Like nearly everyone else on Harvard’s campus, I read the recently published op-ed “Dear Harvard: You Win” with a mixture of sadness and dismay. One of our own found herself living in the same House as someone who allegedly sexually assaulted her. The Harvard administration displayed seemingly brazen indifference to her plight, and continues to employ a staggeringly backward policy relating to sexual assault.
The outpouring of support for the article’s anonymous writer has sparked a long-needed discussion about Harvard’s sexual assault policies. It’s a policy I have also criticized for placing too much of the burden of proof on the victim and for its narrow definition of what constitutes sexual assault.
I hope, though, that in addition to asking what Harvard can do better we ask ourselves the far more difficult question of what we can do better.
In some ways, it’s easy for us to criticize the administration—to cast aspersions on resident deans and House masters who can’t defend themselves because many of the critiques against them emanate from anonymous sources. But the backlash of anger against the University has actually done some harm to those organizations that do the most good in aiding victims of sexual assault. Movements like “Our Harvard Can Do Better,” whose criticisms contributed to the departure of former Office of Sexual Assault Prevention and Response director Sarah A. Rankin, misguidedly place blame on those who have, in fact, prioritized supporting the victims of sexual assault above all else.
A discussion about sexual assault is not an abstract one within the realm of hypotheticals for me. More than one of my close friends has been the victim of sexual assault at Harvard. Whether or not the administration would have helped my friends pursue cases against their assailants can never be known for certain because, for a variety of reasons, they chose not to bring their cases forward.
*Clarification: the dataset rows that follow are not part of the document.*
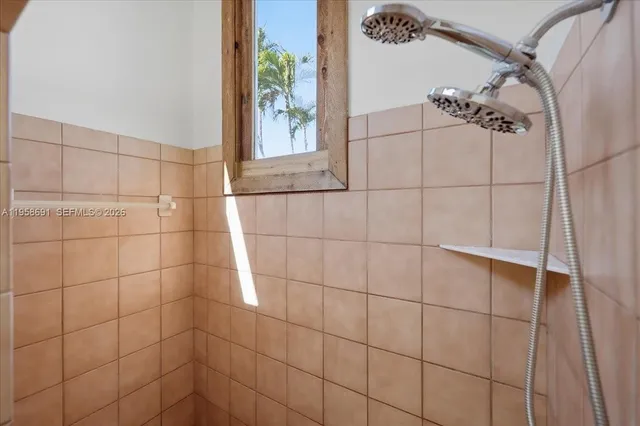 $989,000 | 3 Gumbo Limbo Way, Sewall's Point, FL 34996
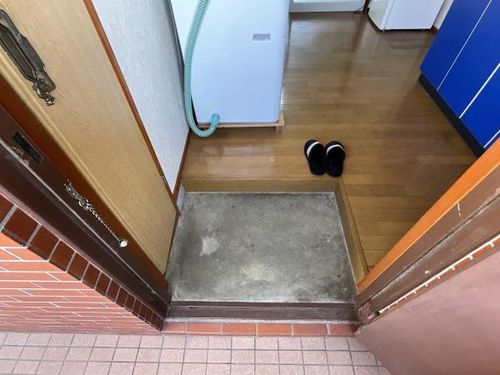 コーポ展和311の玄関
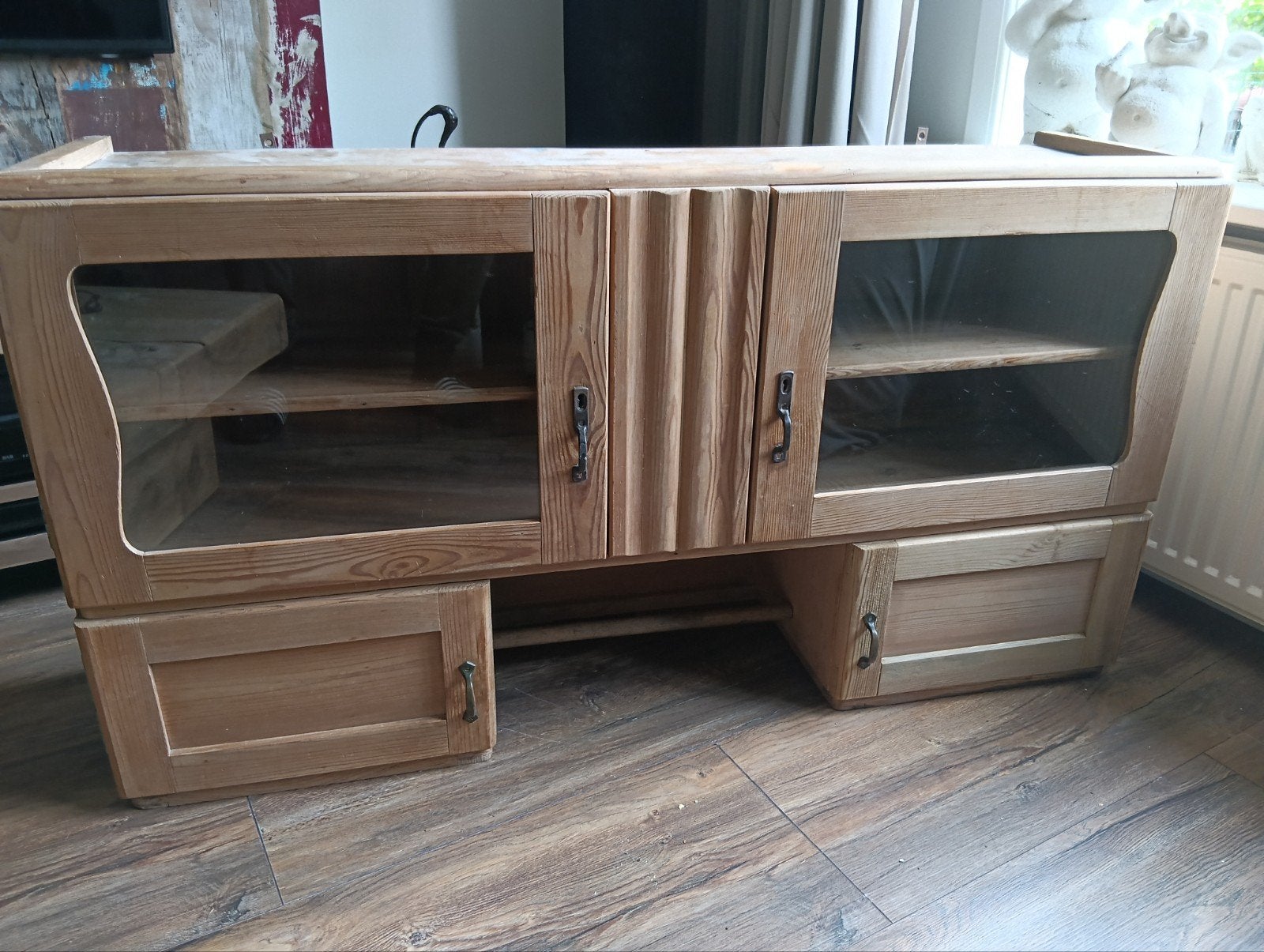 Antieke grenen(keuken) bovenkast, hangkast €50, Huis en Inrichting, Ophalen, Gebruikt, Met klep(pen), Minder dan 150 cm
But I can say that University-provided services such as OSAPR proved to literally be lifesaving sources of support for them.
Many aspects of a University’s official policies on sexual assault react to a crime that has already taken place. It would be far better to think about ways to prevent such events from happening at all. But doing so requires something much larger and more difficult—it would require examining and questioning our own places in a culture in which sexual assault is startlingly prevalent.
As students, how much do we actively do to combat sexual assault? I know that I personally have done very little. Doing so might involve questioning a social system in which girls line up outside male-controlled spaces on Mount Auburn. It could force me to ask my close friend why he belongs to a social club in which another of my friends was sexually assaulted. I would have to admit that I should be doing a much better job of watching out for my friends when I know they’ve had too much to drink.
As a student body, we would have to face the fact that our aggressive pre-gaming practices often place us in dangerous situations. We might also intervene more often when we see something happening right in front of us that just doesn’t look quite right.
Certainly, there’s no easy solution to the problem of sexual assault, but it should not be forgotten that the truly horrible person in any case of sexual assault is not someone’s resident dean or House master, but the person who sexually assaulted him or her in the first place.
On the one hand, changing the University’s policy may contribute to halting sexual assault if it becomes more obvious and clear that those who commit such an act will be punished. In a campus-wide email on Tuesday, Dean of Student Life Stephen Lassonde reminded the student body that Harvard is in the process of updating its policies, and the recent op-ed can only help spur that change.
But ultimately, changing the official Harvard policy toward sexual assault can only do so much towards addressing the entire scope of the issue. If and when that policy change is finally announced it will only represent one hard-fought battle in a much larger war.
As a senior I have heard about and seen the results of many instances of sexual assault. I have been a part of my fair share of conversations during which other students have questioned whether an alleged instance of sexual assault counted as “legitimate.” I have spent more nights than one considering whether groups to which I belong tacitly accept a culture in which sexual assault happens regularly. I have to wonder if the bigger fight, the larger one, has even begun.
Leslie B. Arffa ’14, a former Crimson Magazine Chair, is a history concentrator in Adams House.